Tour Saint-Jacques, milieu des années 80, un homme attend le bus de ramassage des SDF qui le conduira jusqu’au Centre d’accueil de Nanterre.
Il fait froid. Il est transi, sans boulot, sans perspective et la solution d’hébergement ne l’enchante pas.
Mais en réalité, l’homme qui attend le bus de ramassage n’est pas un clochard. C’est Patrick Declerck qui a infiltré le monde des SDF.
Il est ethnologue. Il deviendra plus tard psychanalyste à la Mission France de Médecins du Monde ainsi qu’à l’hôpital de Nanterre.
Mais ce soir d’hiver, pour savoir ce qui se passe vraiment dans les centres d’accueil des SDF, il a revêtu des haillons et s’apprête à passer une nuit dont il avait une vague idée mais qui était bien en deçà de la réalité.
Il va plonger dans le vaste océan nauséabond de la misère humaine à son plus haut degré, peuplé d’hommes et de femmes déclassés, délaissés qui trouvent on ne sait où ni comment, le courage de survivre dans un monde qui les méprise.
Quand il aura côtoyé la crasse, la puanteur, la honte, la mauvaise humeur et les dangers de la promiscuité ; quand il aura très vite compris que ces hommes et ces femmes souvent ivres, parfois violents sont des blessés, des rêveurs éthyliques, que les femmes échappent à la douche pour conserver les mauvaises odeurs qui les tiendront à l’abri du viol, il aura tenté de nous rapprocher un peu plus de ceux qui nous touchent, mais de loin, et mettent en question une société qui laisse faire ou se donne bonne conscience avec une vitrine de propositions sociales bien insuffisantes.
Lorsque, travaillé par le constat cruel de la désocialisation et de l’errance, il donne en 1986, au sein de Médecins du Monde, la première consultation d’écoute auprès des SDF, sait-il qu’il va, pendant quinze ans de sa vie, s’intéresser aux clochards de Paris et tenter, tant bien que mal, de les aider.
Le spectacle se présente sous la forme d’un long monologue qui regroupe des textes des deux ouvrages de Patrick Declerck entre considérations scientifiques et anecdotes recueillies au cours des consultations ou de ses passages en centre d’accueil.
La dernière partie de « On a mal dormi » décroche de l’anonymat et des généralités sur le problème des gens de la rue pour s’attacher à un personnage entre des centaines d’autres, celui de Raymond, à peine plus de quarante ans, trouvé mort à proximité d’un centre de soins. Patrick Declerck tentera de retrouver sa dépouille à la morgue ou dans un singulier cimetière réservé à ceux dont personne ne réclame le corps.
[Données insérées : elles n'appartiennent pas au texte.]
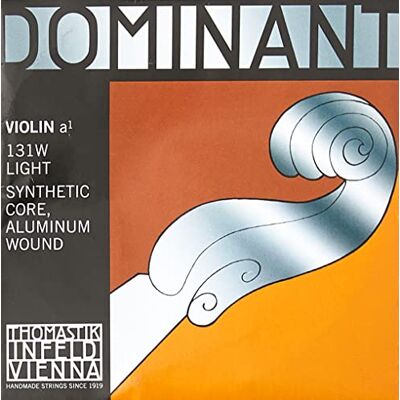 Thomastik-Infeld Dominant violinsträng A 4/4 – lös sträng (131w), syntetisk kärna, aluminiumspunnen, mjuk spänning Thomastik-Infeld Dominant violinsträng A 4/4 – lös sträng (131w), syntetisk kärna, aluminiumspunnen, mjuk spänning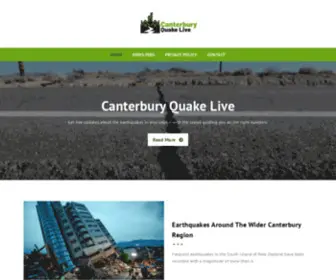 CanterburyQuakelive.co.nz(Canterbury Quake Live) Screenshot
La mise en scène de Guillaume Barbot est d’une belle subtilité et celui qui s’adresse au spectateur est à la fois et tour à tour, le comédien-interprète Jean-Christophe Quenon, Patrick Declerck et le clochard «universel».
Pour aborder un sujet dramatique, le spectacle ne se prive pas d’humour et après être passé par la salle Roland Topor du Rond-Point, il est fort possible qu’on ait un autre regard sur ces hommes et ces femmes perdus qu’on croise quotidiennement et dont on se souvient, certaines fois, avoir fui l’extrême puanteur.
Francis Dubois
Théâtre du Rond-Point 2, bis Avenue Franklin Roosevelt. 75 008 Paris.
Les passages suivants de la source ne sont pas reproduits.